Voando Alto
Wanderley Caloni, 2017-05-02

Este é um filme para observar a atuação de Taron Egerton em um papel muito diferente do que ele fez em Kingsman. Também é um filme para observarmos como nem sempre a persona de Hugh Jackman, como visto em Gigantes de Aço, consegue ser tão eficaz. E, de forma geral, este é um filme que repassa alguns momentos da vida real de Eddie Edwards, uma criança inglesa que parece já ter nascido com a ideia obcecada de participar das olimpíadas.

Há algo de mágico nesta história, e a direção do ator Dexter Fletcher percebeu isso. Há momentos grandiosos em câmera lenta com uma música imponente. Há também momentos vergonhosos onde vemos em câmera lenta uma sequência de bocas maravilhadas se abrindo (bem ao estilo de humor britânico, despojado). No meio de tudo isso, a história ganha um tratamento de épico, mas sem alma. Se trata de um passeio burocrático por uma história maravilhosa, talvez, mas não o suficiente para imprimir momentos inesquecíveis que você irá levar nas suas memórias cinematográficas.
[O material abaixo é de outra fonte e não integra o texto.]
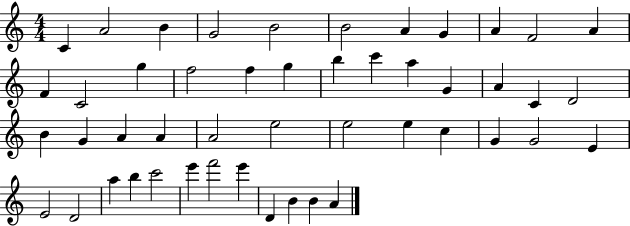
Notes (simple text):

C4/q A4/h B4/q G4/h B4/h B4/h A4/q G4/q A4/q F4/h A4/q F4/q C4/h G5/q F5/h F5/q G5/q B5/q C6/q A5/q G4/q A4/q C4/q D4/h B4/q G4/q A4/q A4/q A4/h E5/h E5/h E5/q C5/q G4/q G4/h E4/q E4/h D4/h A5/q B5/q C6/h E6/q F6/h E6/q D4/q B4/q B4/q A4/q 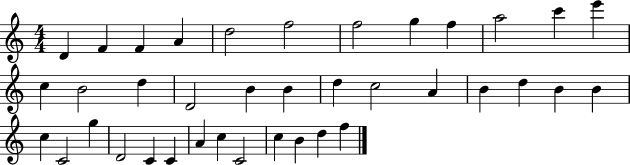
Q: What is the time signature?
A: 4/4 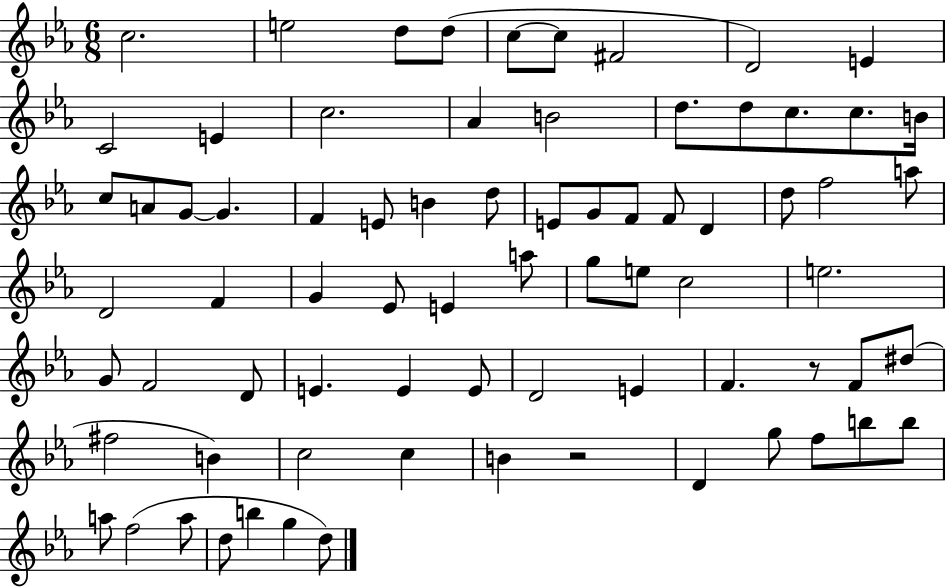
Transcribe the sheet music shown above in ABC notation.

X:1
T:Untitled
M:6/8
L:1/4
K:Eb
c2 e2 d/2 d/2 c/2 c/2 ^F2 D2 E C2 E c2 _A B2 d/2 d/2 c/2 c/2 B/4 c/2 A/2 G/2 G F E/2 B d/2 E/2 G/2 F/2 F/2 D d/2 f2 a/2 D2 F G _E/2 E a/2 g/2 e/2 c2 e2 G/2 F2 D/2 E E E/2 D2 E F z/2 F/2 ^d/2 ^f2 B c2 c B z2 D g/2 f/2 b/2 b/2 a/2 f2 a/2 d/2 b g d/2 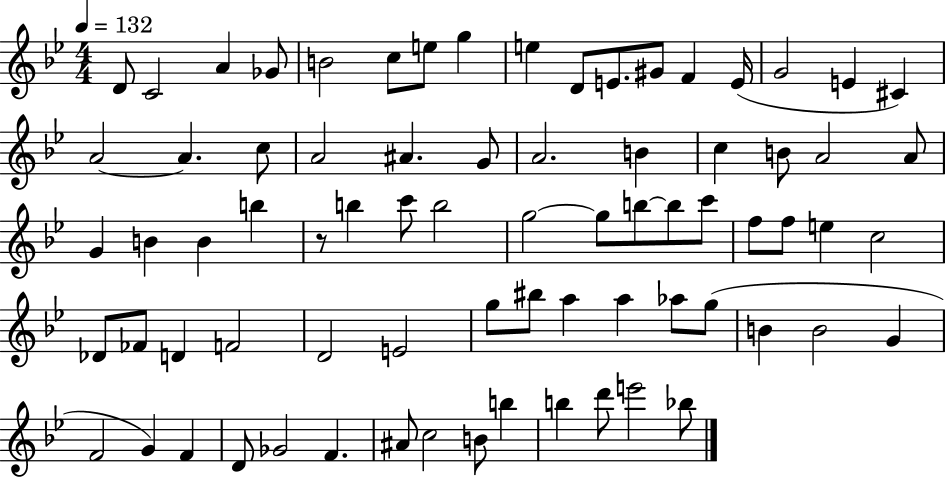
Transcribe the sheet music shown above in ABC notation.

X:1
T:Untitled
M:4/4
L:1/4
K:Bb
D/2 C2 A _G/2 B2 c/2 e/2 g e D/2 E/2 ^G/2 F E/4 G2 E ^C A2 A c/2 A2 ^A G/2 A2 B c B/2 A2 A/2 G B B b z/2 b c'/2 b2 g2 g/2 b/2 b/2 c'/2 f/2 f/2 e c2 _D/2 _F/2 D F2 D2 E2 g/2 ^b/2 a a _a/2 g/2 B B2 G F2 G F D/2 _G2 F ^A/2 c2 B/2 b b d'/2 e'2 _b/2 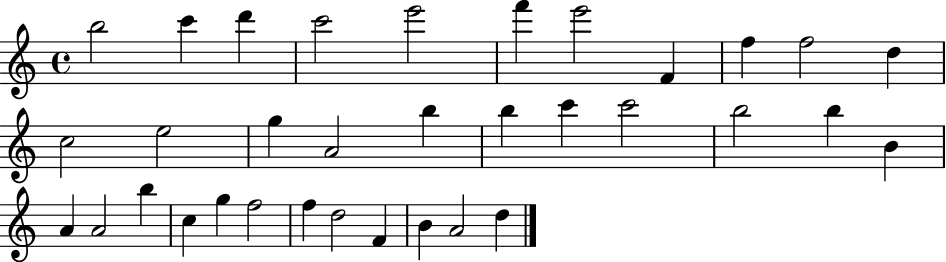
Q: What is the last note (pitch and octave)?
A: D5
Se não fossem as atuações e a determinação de Eddie estampada no rosto limpo de Taron Egerton, quase que completamente convertido no real Eddie Edwards, e as tomadas que deixam claro que saltos de 90 metros de altura em um esqui podem gerar sequelas irreparáveis, este filme não seria tão impressionante. Porém, se o salto de 90 metros é tão perigoso, assim, por que não vemos nenhuma acidente fatal no percurso de Eddie em direção ao seu tão almejado sonho?

Enquanto isso, um drama de relacionamento entre Eddie e o personagem de Hugh Jackman se espelha em um passado onde seu personagem era um esquiador talentoso que se deixou levar pela falta de disciplina, perdendo a confiança de seu técnico, uma aparição de luxo de Christopher Walken, que é autor do livro que une o objetivo de ambos: provar para as pessoas que ama que ele está certo.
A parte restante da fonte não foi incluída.